What to produce - Return all of the data exactly as written, without the pictures.

Entries provided -
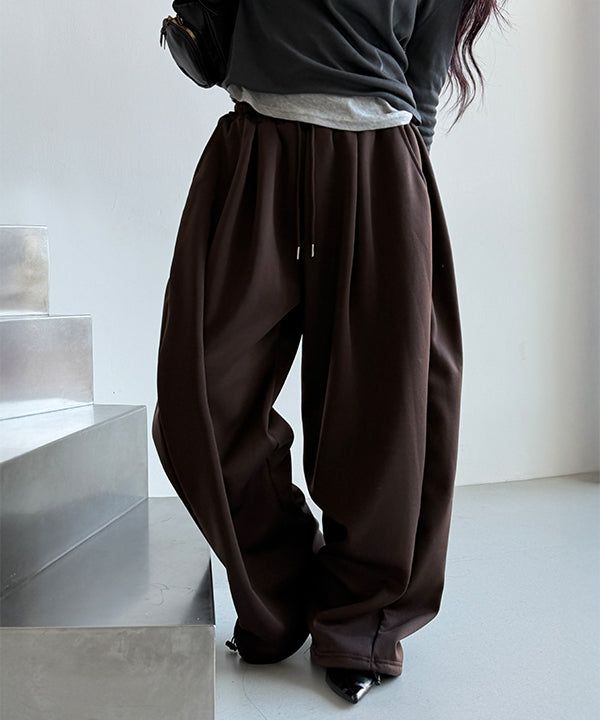 MUZESEOUL（ミューズソウル）の「[4SEASON] Two tuck wide sweat pants(5color)（Pants）」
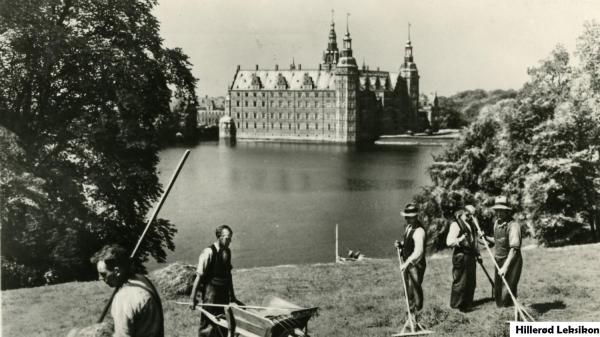 Græsset slås på Jægerbakken. Postkort 1930-50.(Fotograf: Ukendt).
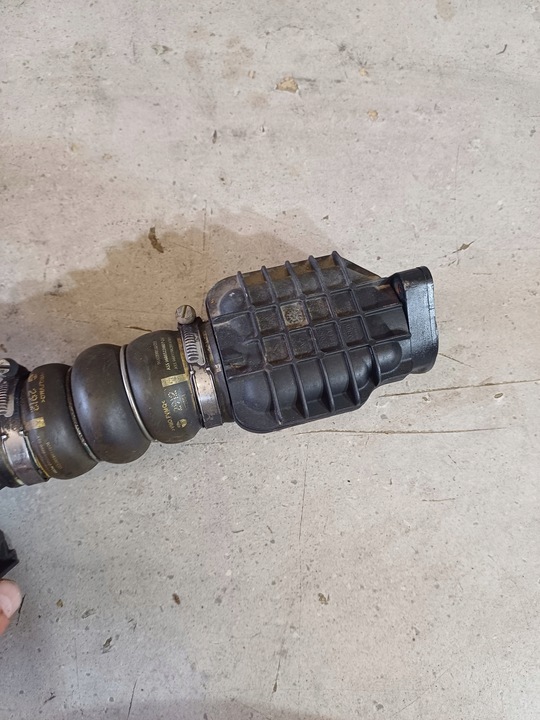 фото №4, Труба шланг воздуха peugeot, citroen 1.6 e-hdi 12- nr. 9678406580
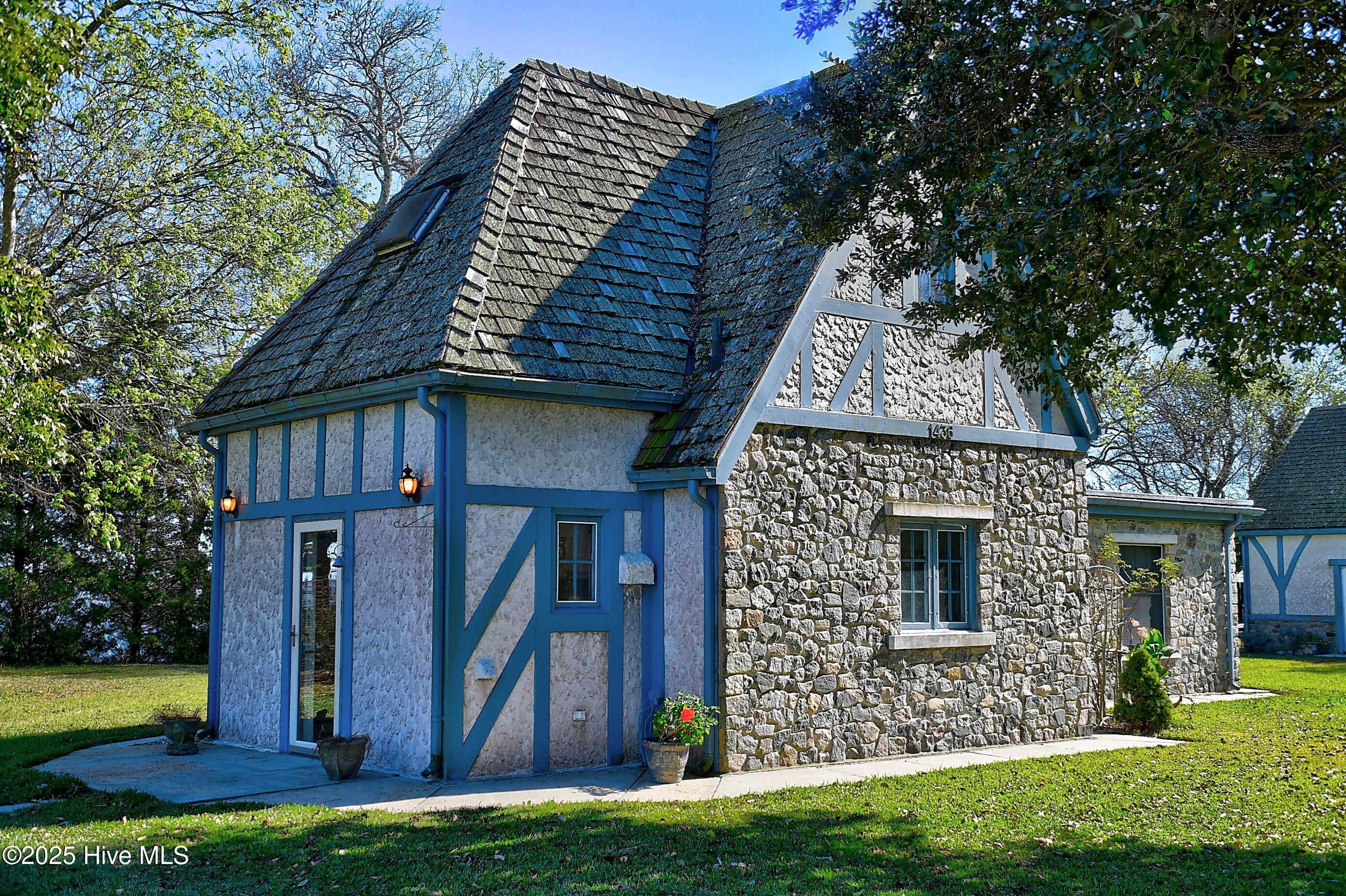 1436 Waterlily Road Coinjock, NC 27923 - Photo 3 of 65 3-Exterior-Front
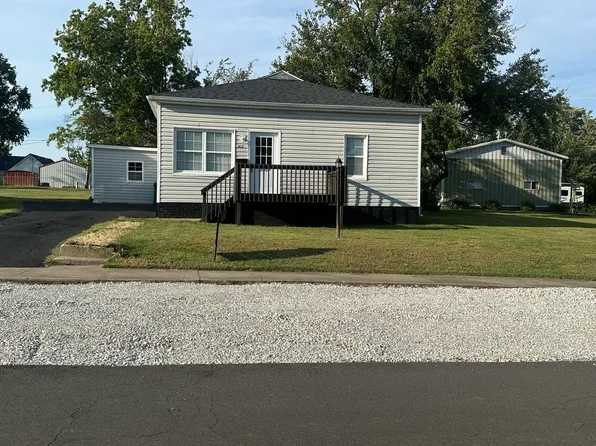 417 Grand Ave, Moberly, MO 65270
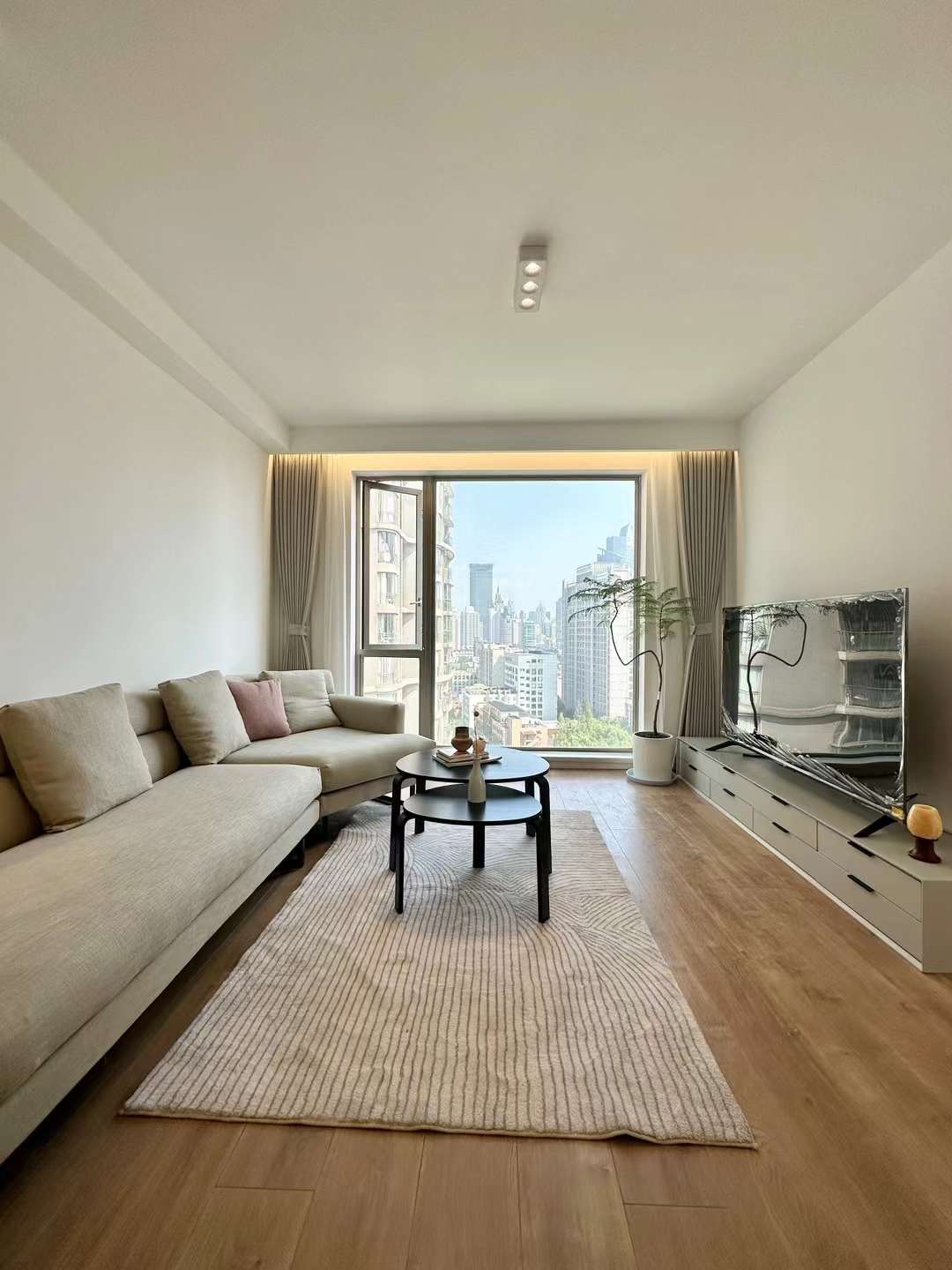 2br，24k，jing’an temple（line2/7）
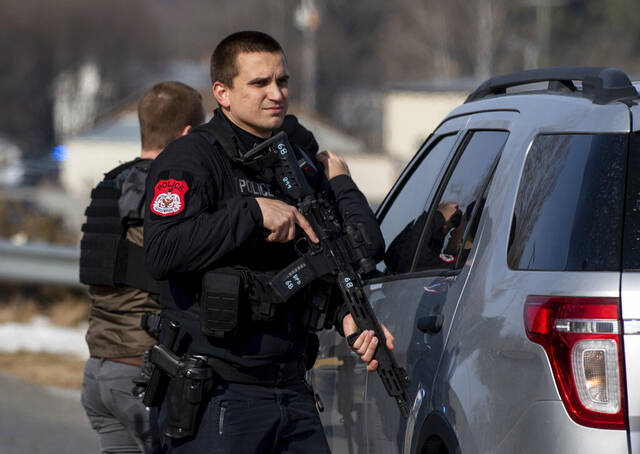 4704941_web1_AP22032737816976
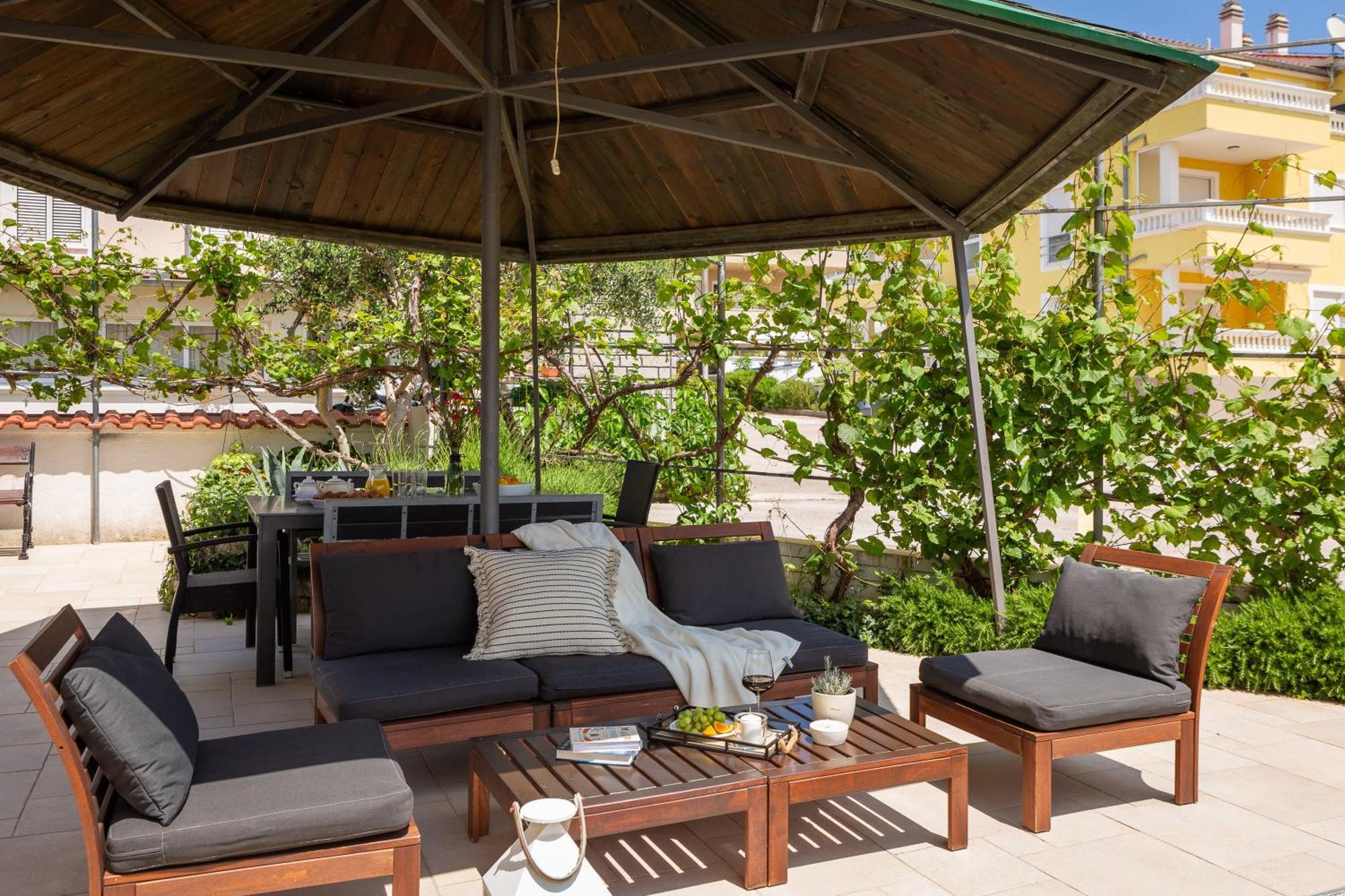 Apartments Tihi III Водице Екстериор снимка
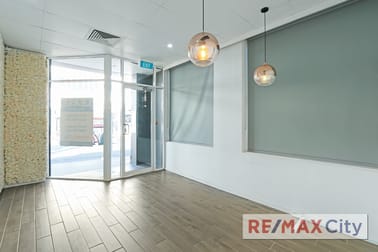 1A/20 Racecourse Road Hamilton QLD 4007 - Image 2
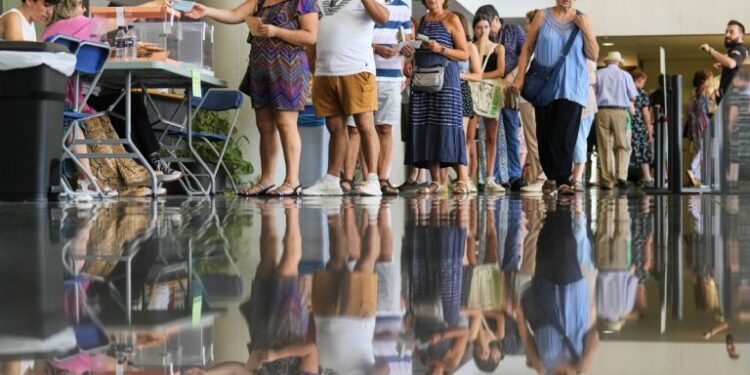 La participación en los comicios españoles supera el 40% en las primeras horas de votación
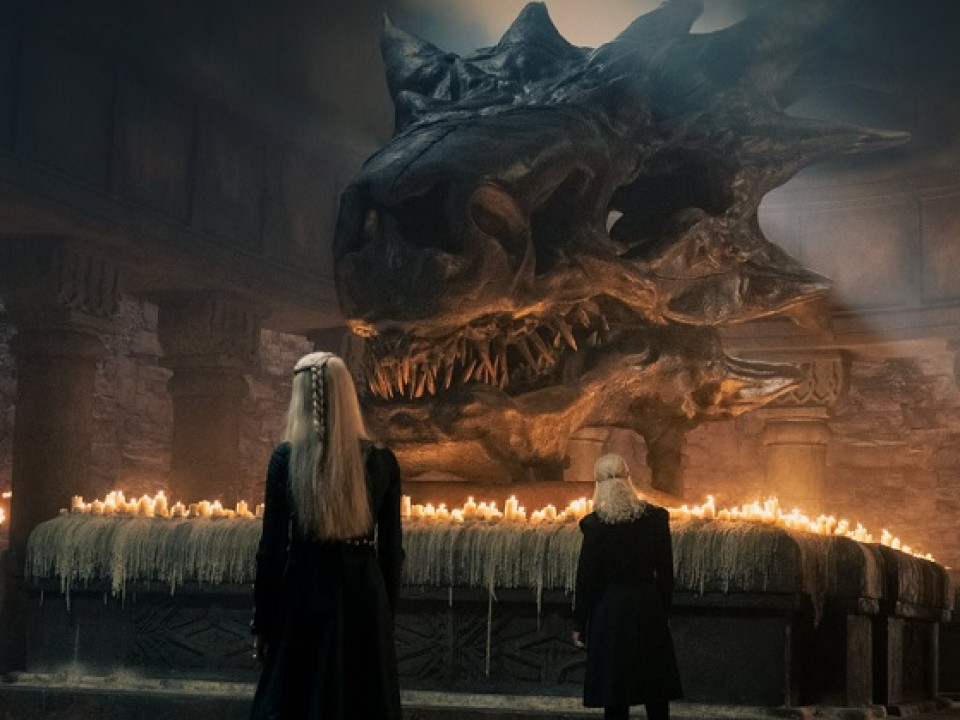 Fanii serialului „House of the Dragon” se pot poza în București cu craniul legendarului dragon Balerion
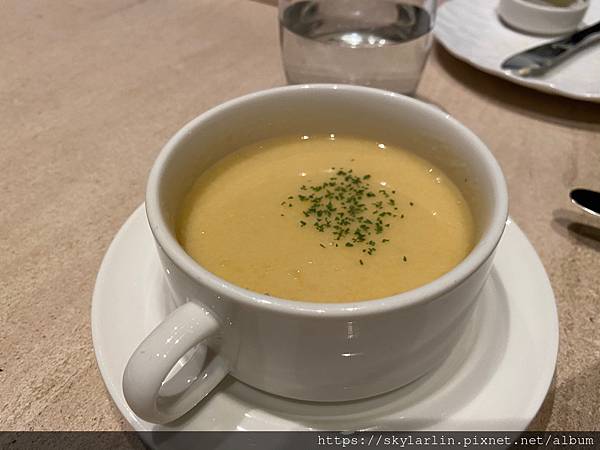 【The Chapter Café】台北信義誠品行旅一樓無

Result -
 MUZESEOUL（ミューズソウル）の「[4SEASON] Two tuck wide sweat pants(5color)（Pants）」
 Græsset slås på Jægerbakken. Postkort 1930-50.(Fotograf: Ukendt).
 фото №4, Труба шланг воздуха peugeot, citroen 1.6 e-hdi 12- nr. 9678406580
 1436 Waterlily Road Coinjock, NC 27923 - Photo 3 of 65 3-Exterior-Front
 417 Grand Ave, Moberly, MO 65270
 2br，24k，jing’an temple（line2/7）
 4704941_web1_AP22032737816976
 Apartments Tihi III Водице Екстериор снимка
 1A/20 Racecourse Road Hamilton QLD 4007 - Image 2
 La participación en los comicios españoles supera el 40% en las primeras horas de votación
 Fanii serialului „House of the Dragon” se pot poza în București cu craniul legendarului dragon Balerion
 【The Chapter Café】台北信義誠品行旅一樓無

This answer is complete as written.